4 reasons Saudi Arabia can't control oil
There is one key principle driving Saudi Arabia to sell shares in Aramco, the world’s largest oil producer, and that is the kingdom desperately needs money in the current context of long-term, low oil prices.
Saudi Arabia is not in dire straits at the moment; it has sufficient reserves to sustain the country for a few years. However, if these reserves do run out, it will be in hazardously deep trouble.
In the past, OPEC—led by Saudi Arabia—would reduce production in order to maintain the oil price. Today, however, the process isn’t that easy, and there are four reasons for that …
Reason #1: The US
Oil above $60 or $70 would mean that US production would continue to increase, and the US is already the world’s #1 producer. OPEC would have no choice but to keep cutting further in order to maintain that price.
Reason #2: Cheating among OPEC Members
OPEC members (other than Saudi Arabia) almost always cheat on their production quotas when they can. Considering that other OPEC nations are desperate for income, the incentive to cheat is all powerful.
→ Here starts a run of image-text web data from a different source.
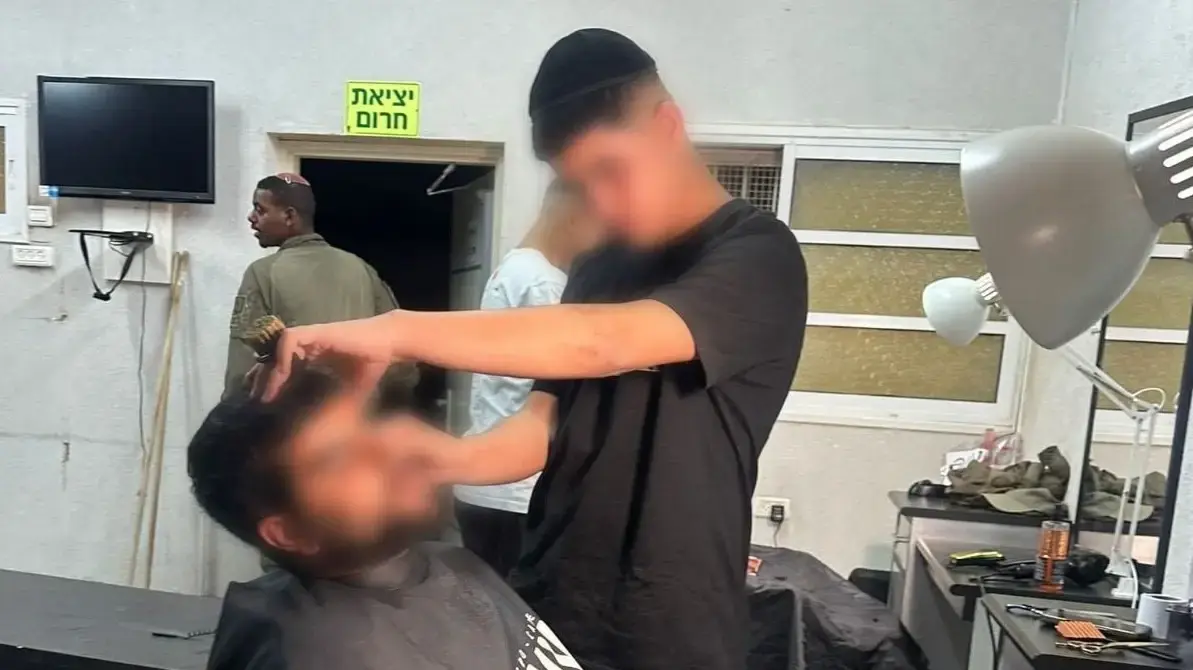 תלמידי בית החינוך אמית טכנולוגי באר שבע פינקו את הלוחמים מעזה לקראת ראש השנה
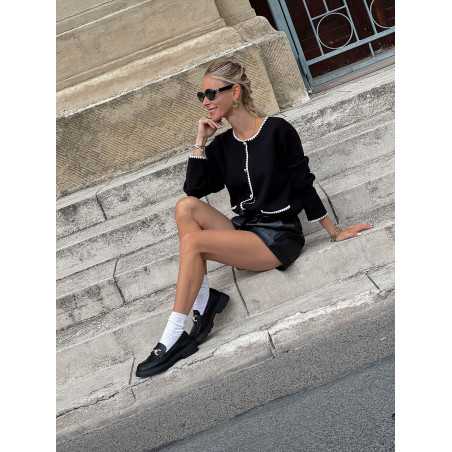 gilet contraste noir bordure blanche boutons doré totem mode tendance mocassins look grecy mango zara automne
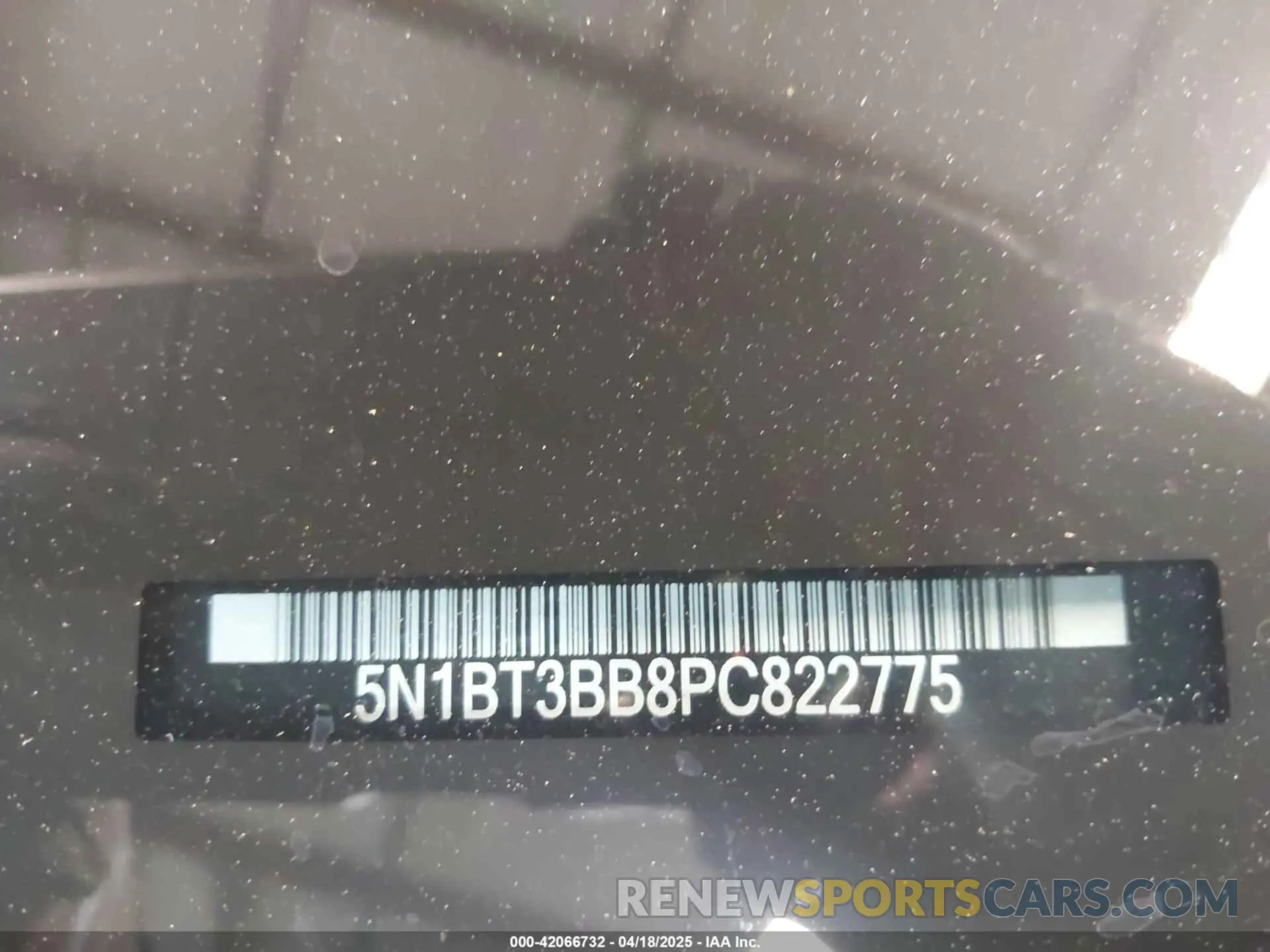 17 Photograph of a damaged car 5N1BT3BB8PC822775 NISSAN ROGUE 2023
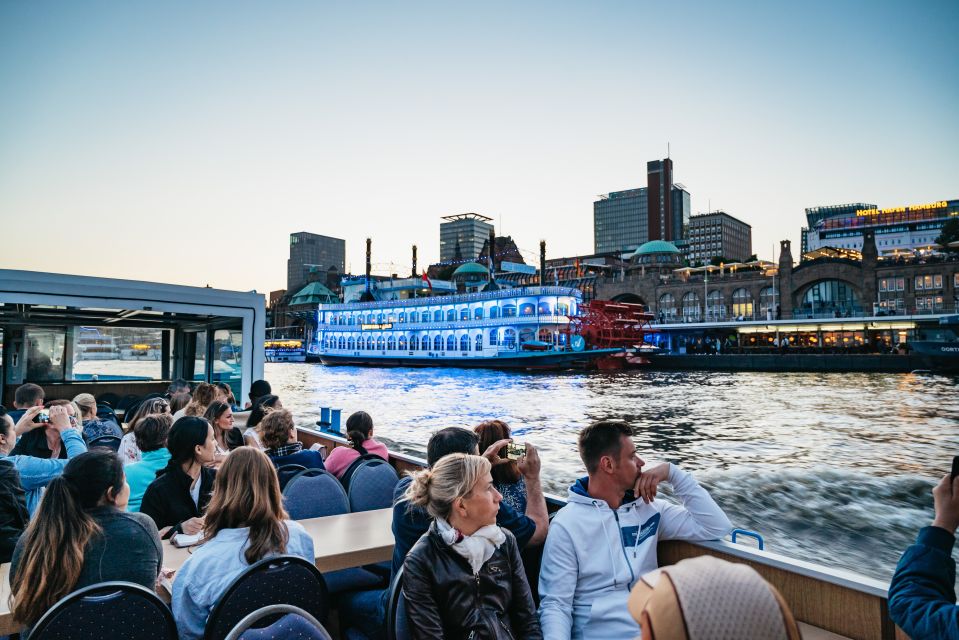 Hamburg: 1.5-Hour Grand Harbor Evening Lights Cruise - Key Points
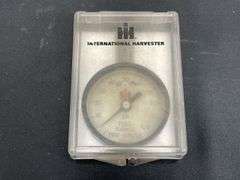 IH Tire Pressure Gauge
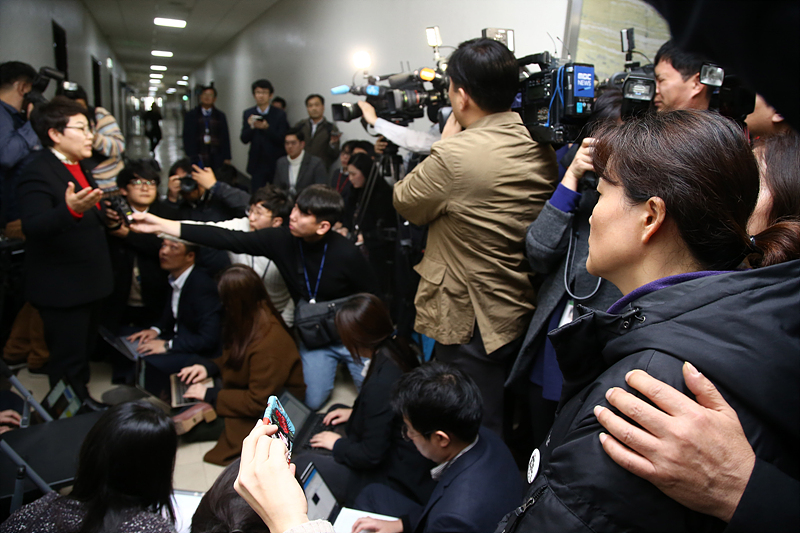 고(故) 김용균 씨 유가족(오른쪽)이 26일 국회 산업안전보건법을 논의하는 환경노동위원회 고용노동소위 임의자 위원장이 회의 내용을 취재진들에게 설명하는 모습을 바라보고 있다.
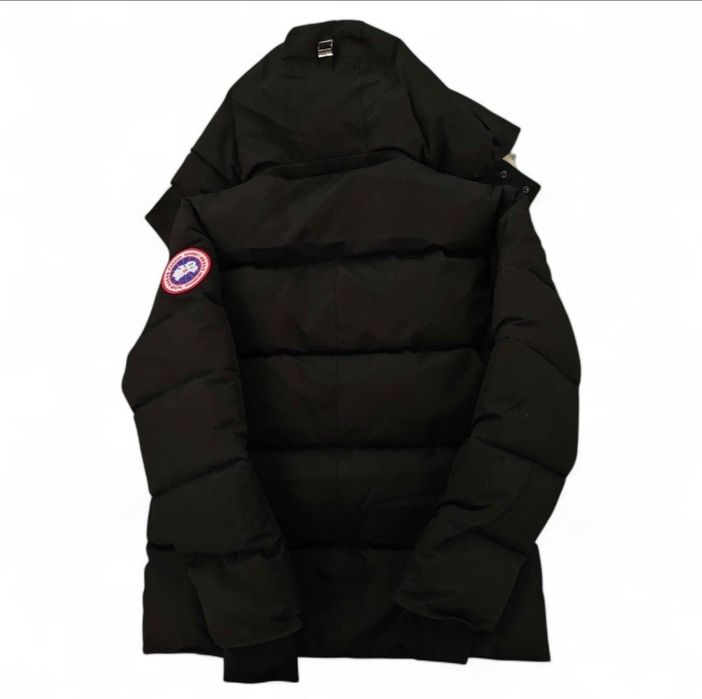 Geaca Canada Goose nouă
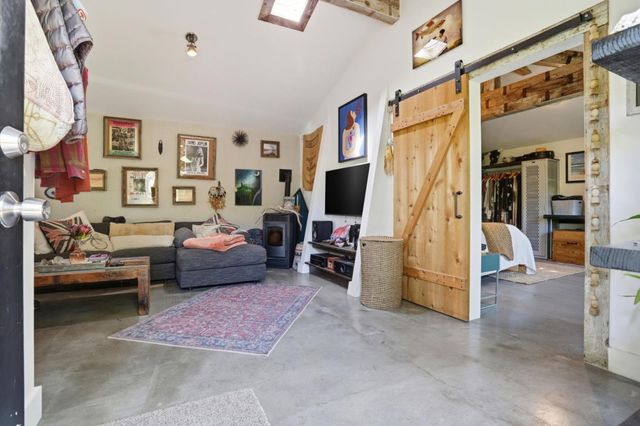520 Ocean View Avenue, Santa Cruz, CA 95062
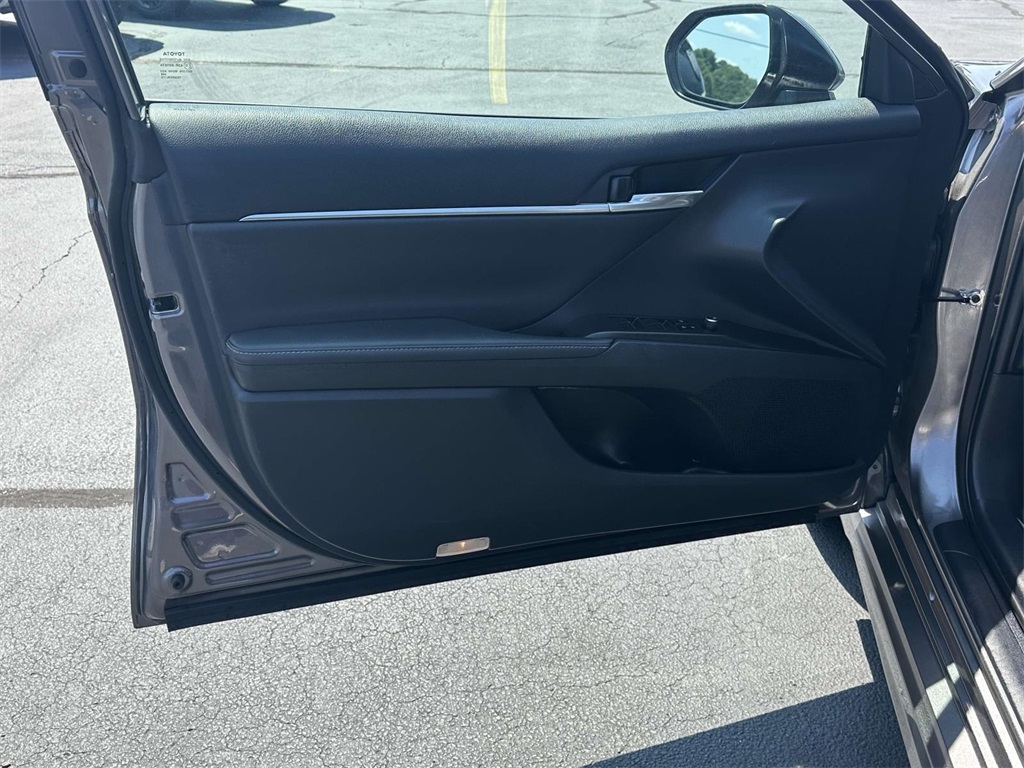 2024 Toyota Camry XSE photo 5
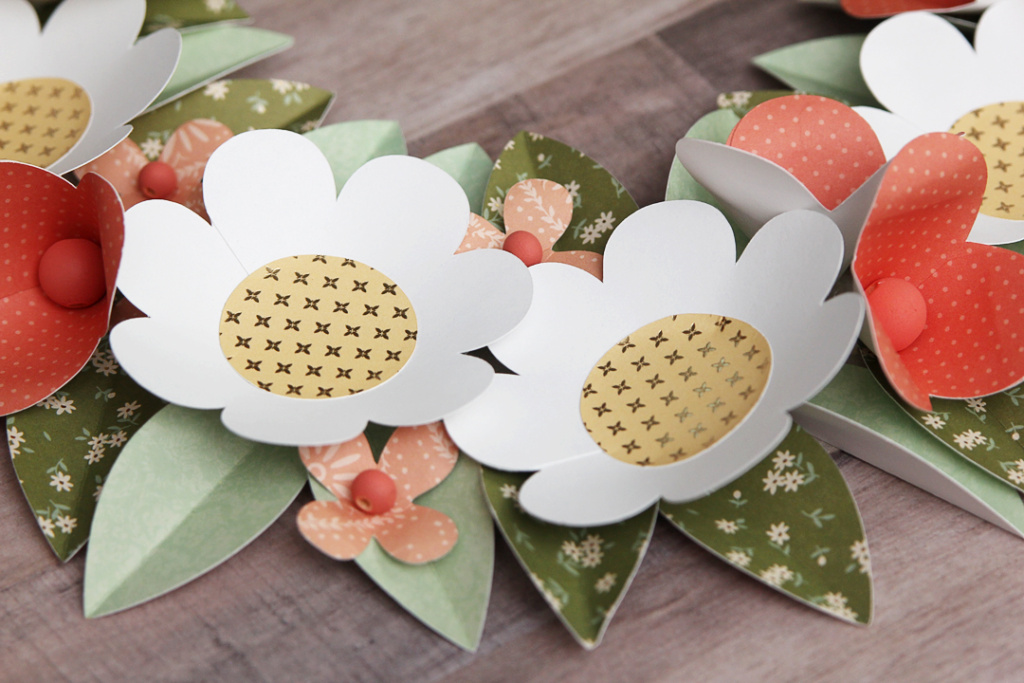 Floral wreath detail 1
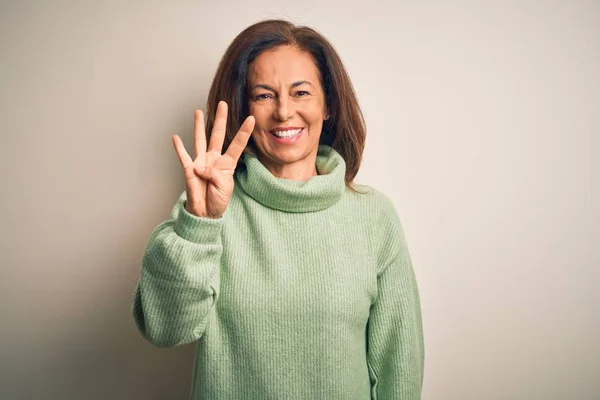 Middelbare Leeftijd Mooie Vrouw Dragen Casual Coltrui Geïsoleerde Witte Achtergrond — Stockfoto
Reason #3 The US-Iran Nuclear Deal
The deal and subsequent lifting of sanctions means that an additional one million barrels per day will soon hit the market. As international oil companies vie for the privilege of drilling more oil in Iran, it will put further upward pressure on supply.
Reason #4: US Production in the market
Although drilling rig usage in the US is down by nearly 75%, production has just now begun to fall off. It will take some time before enough US production comes off the market to put upward pressure on prices.
What If Oil Doesn’t Bounce Back?
So, what happens to Saudi Arabia’s budget deficit if oil stays in the $30 rather than $50 range? Bank of America Merrill Lynch gives us the following estimates:
Even with a 25% budget cut, Saudi Arabia would have just three to five years of reserves and borrowing available at $30 oil. We note that several respected investment banks are projecting that oil will fall to $20 this year.
If a crisis in Europe or China were to even slightly reduce global demand, $20 oil seems a very real possibility.
A global recession? That would add a perfect storm potential to push oil prices down to levels not seen since the 1970s. Now, we are not predicting this will happen. We’re saying that wise investors must recognize the not insubstantial tail risk of such an event and have their contingency plans already developed.
Bottom line? It is highly conceivable that Saudi Arabia could face immense budgetary pressure before 2020. That was unimaginable just three years ago.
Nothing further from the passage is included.